1. La commune de Bordeaux a conclu le 1er janvier 2007 avec la société Jegher restauration, devenue la société Loréa, une convention d'occupation du domaine public pour l'exploitation d'un espace de restauration dénommé " l'Orangerie " au sein du Jardin public pour une durée de douze ans. Avant l'expiration de cette convention le 31 décembre 2018, la commune a lancé une procédure d'attribution d'une nouvelle convention d'occupation du domaine public pour l'exploitation de l'espace de restauration précité et de celui dénommé " Carré détente " du Muséum d'histoire naturelle. Par une délibération du 19 novembre 2018, le conseil municipal de Bordeaux a autorisé le maire à signer la convention d'occupation du domaine public pour ces deux espaces avec la société BCC. La SARL Loréa a demandé au tribunal administratif de Bordeaux, à titre principal, l'annulation de cette convention et relève appel du jugement du 12 juillet 2021 en tant que le tribunal s'est limité à enjoindre à la commune de Bordeaux de la régulariser par une nouvelle délibération du conseil municipal dans un délai de quatre mois ou, à défaut, de la résilier. La commune, qui a fait procéder à cette régularisation par une délibération du conseil municipal du 5 octobre 2021, doit être regardée comme demandant, par la voie de l'appel incident, l'annulation du jugement en tant qu'il a partiellement fait droit à la demande de la société Loréa.

Sur la recevabilité de la requête d'appel :

2. Contrairement à ce que fait valoir la commune de Bordeaux, le tribunal n'a pas fait intégralement droit aux conclusions présentées par la société Loréa puisque celle-ci demandait, à titre principal, l'annulation de la convention conclue entre la commune de Bordeaux et la société BCC et que le jugement attaqué se limite à enjoindre à la commune de la régulariser. Par suite, la société Loréa présente un intérêt pour faire appel de ce jugement et la fin de non-recevoir opposée par la commune sur ce point doit être écartée.

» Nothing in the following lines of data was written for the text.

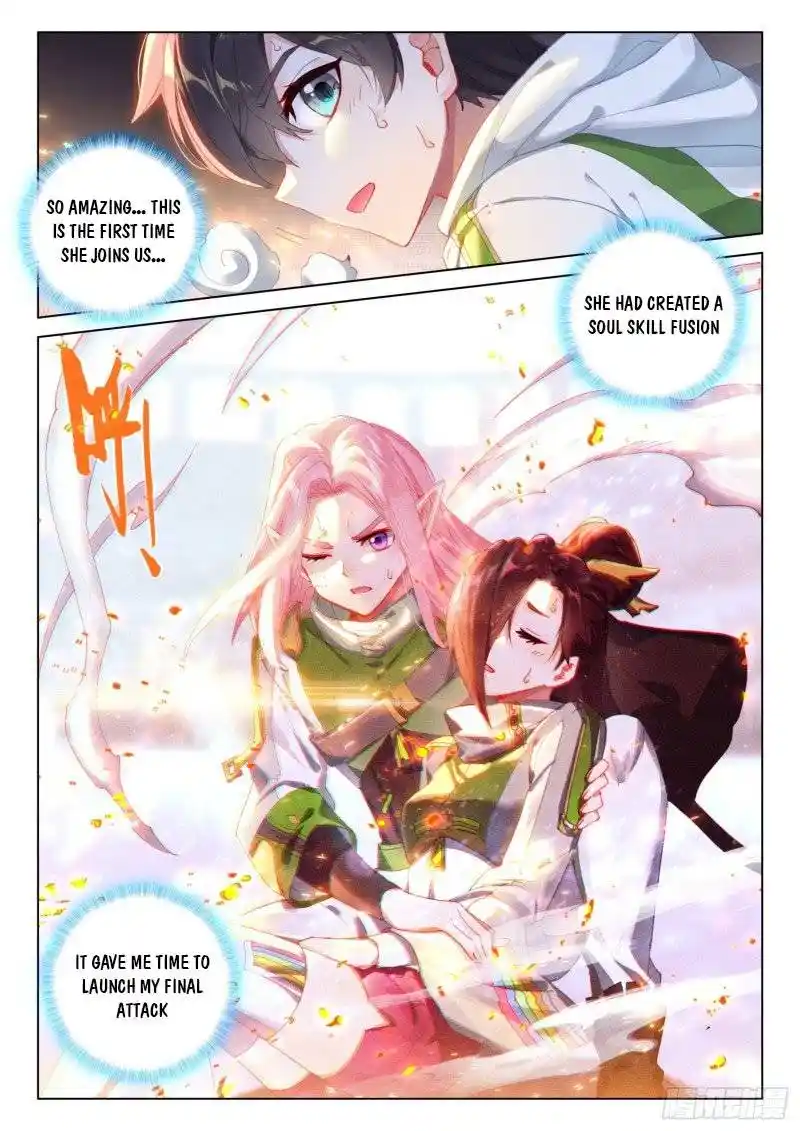 Soul Land iv – The Ultimate Combat Chapter 242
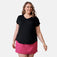 Women's Plus Size Microtech® Chill B Cool Tee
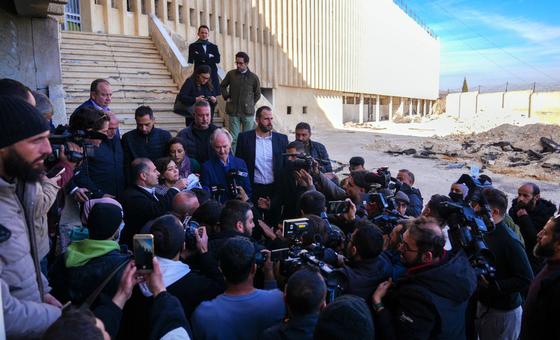 ‘Fragility and hope’ mark new era in Syria amid ongoing violence and aid struggles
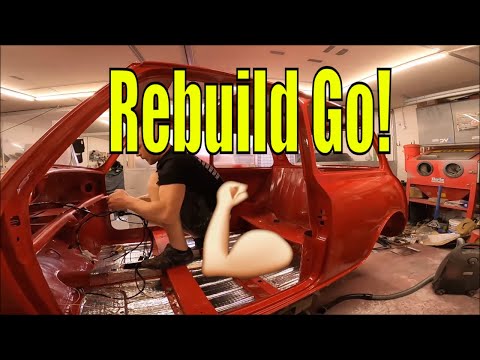 Starting To Rebuild The ERA Turbo - Classic Mini Workshop Pt.23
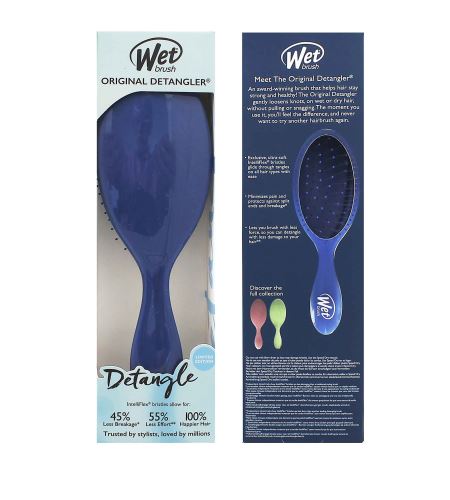 Wet Brush Original Detangler Natural Marble kartáč na vlasy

Sur la validité de la convention :

3. Indépendamment des actions dont disposent les parties à un contrat administratif et des actions ouvertes devant le juge de l'excès de pouvoir contre les clauses réglementaires d'un contrat ou devant le juge du référé contractuel sur le fondement des articles L. 551-13 et suivants du code de justice administrative, tout tiers à un contrat administratif susceptible d'être lésé dans ses intérêts de façon suffisamment directe et certaine par sa passation ou ses clauses est recevable à former devant le juge du contrat un recours de pleine juridiction contestant la validité du contrat ou de certaines de ses clauses non réglementaires qui en sont divisibles. Cette action devant le juge du contrat est également ouverte aux membres de l'organe délibérant de la collectivité territoriale ou du groupement de collectivités territoriales concerné ainsi qu'au représentant de l'Etat dans le département dans l'exercice du contrôle de légalité. Si le représentant de l'Etat dans le département et les membres de l'organe délibérant de la collectivité territoriale ou du groupement de collectivités territoriales concerné, compte tenu des intérêts dont ils ont la charge, peuvent invoquer tout moyen à l'appui du recours ainsi défini, les autres tiers ne peuvent invoquer que des vices en rapport direct avec l'intérêt lésé dont ils se prévalent ou ceux d'une gravité telle que le juge devrait les relever d'office. Le tiers agissant en qualité de concurrent évincé de la conclusion d'un contrat administratif ne peut ainsi, à l'appui d'un recours contestant la validité de ce contrat, utilement invoquer, outre les vices d'ordre public, que les manquements aux règles applicables à la passation de ce contrat qui sont en rapport direct avec son éviction.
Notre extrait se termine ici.